The band originally signed with Vagrant Records back in 2006, but upon fulfilling all contractual obligations this year, the guys chose to forgo renegotiating a new contract. The progressive metal act from Canada took a huge risk, deciding to record and release an album themselves, without any label support. Protest the Hero took to the idea of crowd-funding, where a project is financed by collecting a small amount of money from a large amount people, and used the website Indiegogo to launch the campaign to their fans. In the band’s own words, “Crowd-funding seems to be something that’s working. Whether or not this is the next thing for the music industry, it’s a way that supporters of a band can know exactly where their hard earned dollars are going. No middlemen, no commissions, no bullshit.” With everything spelled out, from the cost of gear rental to producer fees, fans literally knew where every dollar was going to be spent. The band was completely transparent, and in turn, saw a huge return for their honesty. Within thirty hours of the proposal being posted, fans had already contributed enough to meet the band’s $125K goal. The month-long drive brought in close to triple what they needed and proved the power of their loyal fan base.
The contributed dollars have finally come full circle with the release of Volition this past Tuesday, October 29th. The eleven transcending tracks came with obvious anticipation from its investors as well as anyone who caught wind of the project. The fruit of the band’s labor couldn’t be sweeter either, with a cohesive album that demands to be listened to from start to end. The songs bleed over into one another, transitioning seamlessly in and out of heavy sections, rich melodies, complex patterns, and soaring instrumentals to keep you hooked. The band’s tight use of syncopation seems like a chase at times with a feverish pace only their rhythm section could pull off. Bassist Arif Mirabdolbaghi is one of the best in metal and continues to prove that on this album. His mix of rhythmic, pocket playing and foreground standouts show what an elite bassist can really do for a band. Even with the departure of longtime drummer, Moe Carlson, the band didn’t miss a beat. Lamb of God‘s Chris Adler was brought in to handle percussive responsibilities and couldn’t have left a more pronounced, but unobtrusive, mark if he tried. Guitarist, Luke Hoskin, describes Adler’s role saying, “Everything was written before Chris dug into it. We programmed drums and then he gave them some love to make them his own. There was some stuff that he definitely livened up, and some other stuff he just gave us the finger for assuming he would play it!” Longtime unofficial sixth member of the band, Jadea Kelly, was also featured on four tracks. Her warm vocal touch has been heard on every Protest release and blends perfectly with Rody’s voice. His range and creativity alone though are unique as they come in metal and compliment the virtuosic talent present in the music. The fact that he sings has always been a breath of fresh air and fills a void that the screaming vocals of the past decade could never fill.
The band isn’t turning back either, as the title of the album makes quick work of summarizing their dedication to the new venture.
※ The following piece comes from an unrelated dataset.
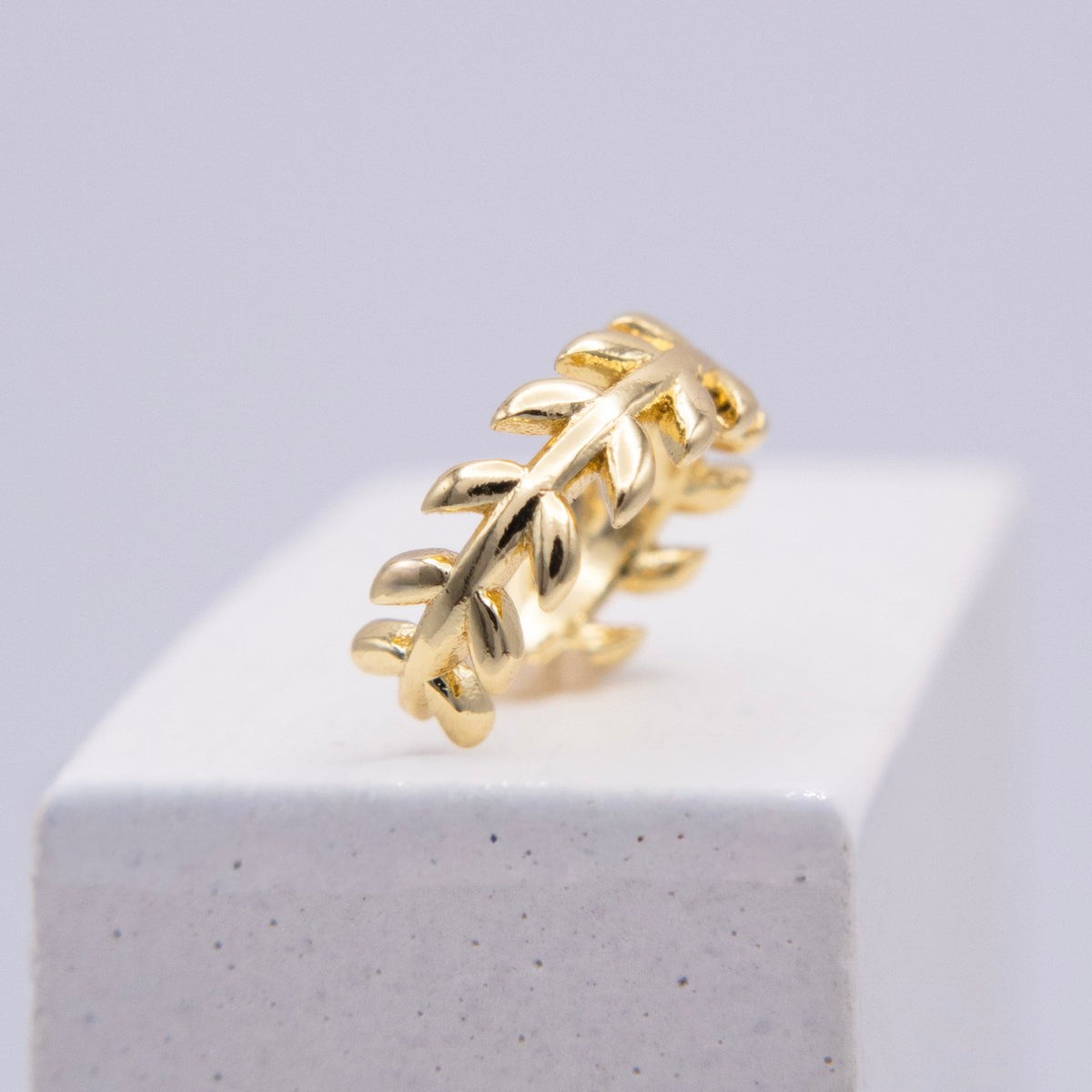 Aurea Leaf Ear cuff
This body of work can only be attributed to the position the guys have put themselves in. Luke describes the fan-funded album by saying, “It allowed us to take our time and not worry about how much money we were spending. It also allowed us to hire our good friends to be a part of everything. We surrounded ourselves with a very comfortable environment and one which was very close to home.” As for what the next step is in this musical evolution, Luke says, “It’s hard to say. I certainly don’t miss being tied down by a label (especially for 3+ albums like in the past). But that’s not to say that we still don’t work with our distribution labels on a daily basis. One day, I hope to fully do an album on our own and just put it online out of the blue in a ‘pay what you can’ scenario. I see younger bands doing that all over the place now – these are the ones who I want to grab by the shirt neck and say “keep ownership of your music”. But on the other hand, we never would have gotten to where we are without the help of some truly amazing record labels. I believe this “shift” in music everyone is muttering about is going to take a lot more time than we think.”
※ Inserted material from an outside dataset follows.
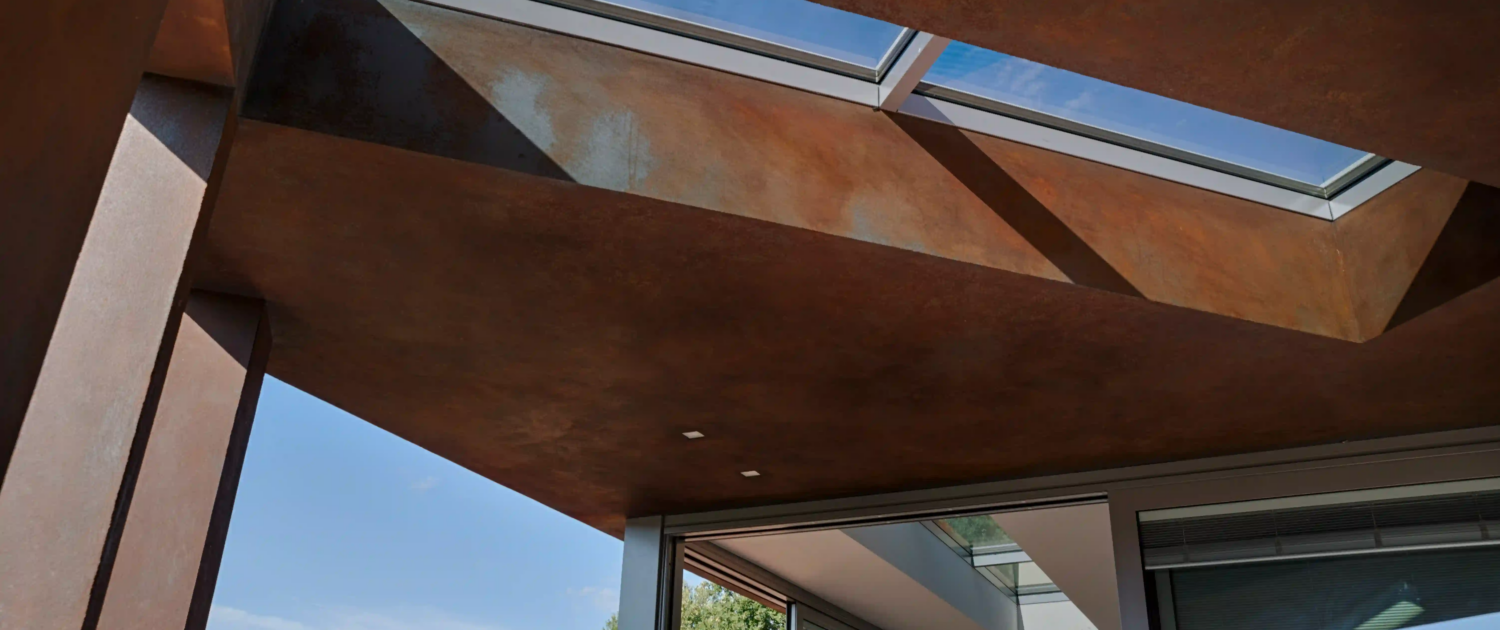 copertura moderna con ampie finestre per tetti integrate e sbalzi geometrici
The highly successful campaign leading up to the recording session is only being eclipsed by the quality of music that’s come as a result. The metal orchestration could only be pulled off by a band like Protest the Hero. If you listen to nothing else though, check out the three key tracks as they incorporate the dynamic and diverse tonal range covered on the release. As the album hits the coda in the final song, the band coordinates a stirring close that feels as though the ties have been cut and you’re left to drift away, sadly coming to terms with its conclusion.